What is expected: Write out exactly the lines of the entries below from the one holding "5 Pack: Petites: Two-Pair" to the one holding "Sofa Decor Marlow", inclusive, and leave out all other lines.

Dataset content:
====================
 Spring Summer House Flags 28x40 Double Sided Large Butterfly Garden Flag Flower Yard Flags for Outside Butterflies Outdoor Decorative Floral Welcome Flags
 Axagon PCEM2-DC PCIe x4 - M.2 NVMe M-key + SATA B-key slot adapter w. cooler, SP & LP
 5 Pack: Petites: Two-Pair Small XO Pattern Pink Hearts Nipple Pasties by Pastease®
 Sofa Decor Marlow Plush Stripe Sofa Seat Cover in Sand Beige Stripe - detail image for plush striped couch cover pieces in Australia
====================
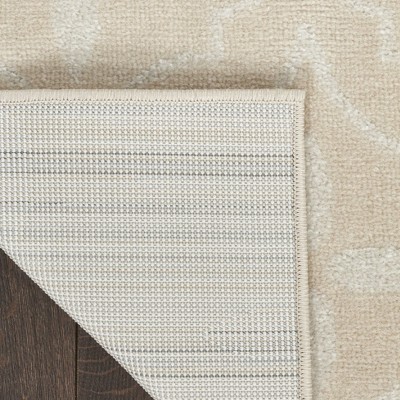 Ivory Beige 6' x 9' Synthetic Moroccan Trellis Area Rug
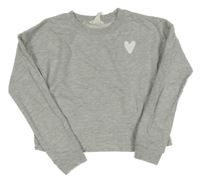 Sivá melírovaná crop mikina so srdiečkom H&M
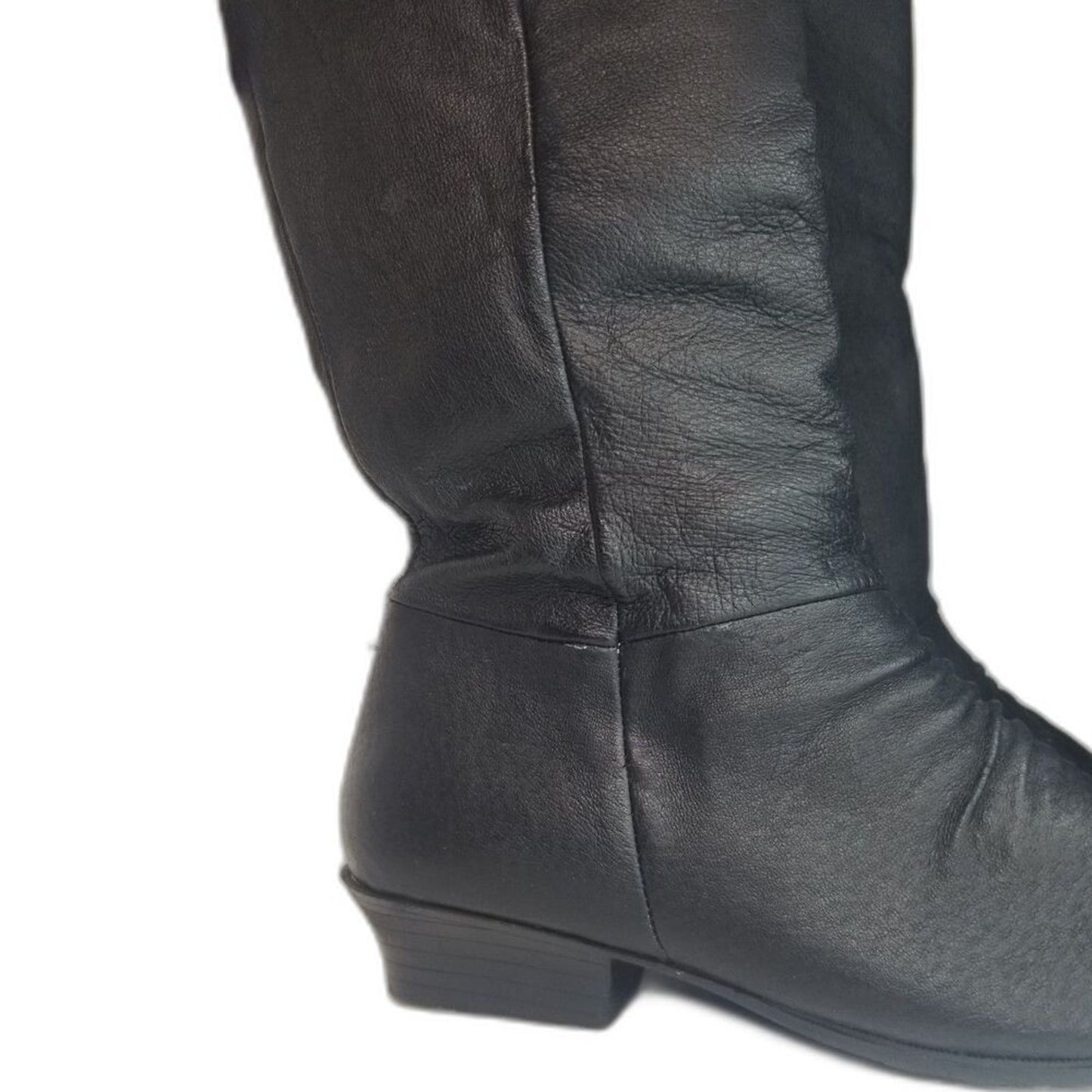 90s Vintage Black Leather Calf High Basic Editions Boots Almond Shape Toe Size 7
====================
Task response:
 5 Pack: Petites: Two-Pair Small XO Pattern Pink Hearts Nipple Pasties by Pastease®
 Sofa Decor Marlow Plush Stripe Sofa Seat Cover in Sand Beige Stripe - detail image for plush striped couch cover pieces in Australia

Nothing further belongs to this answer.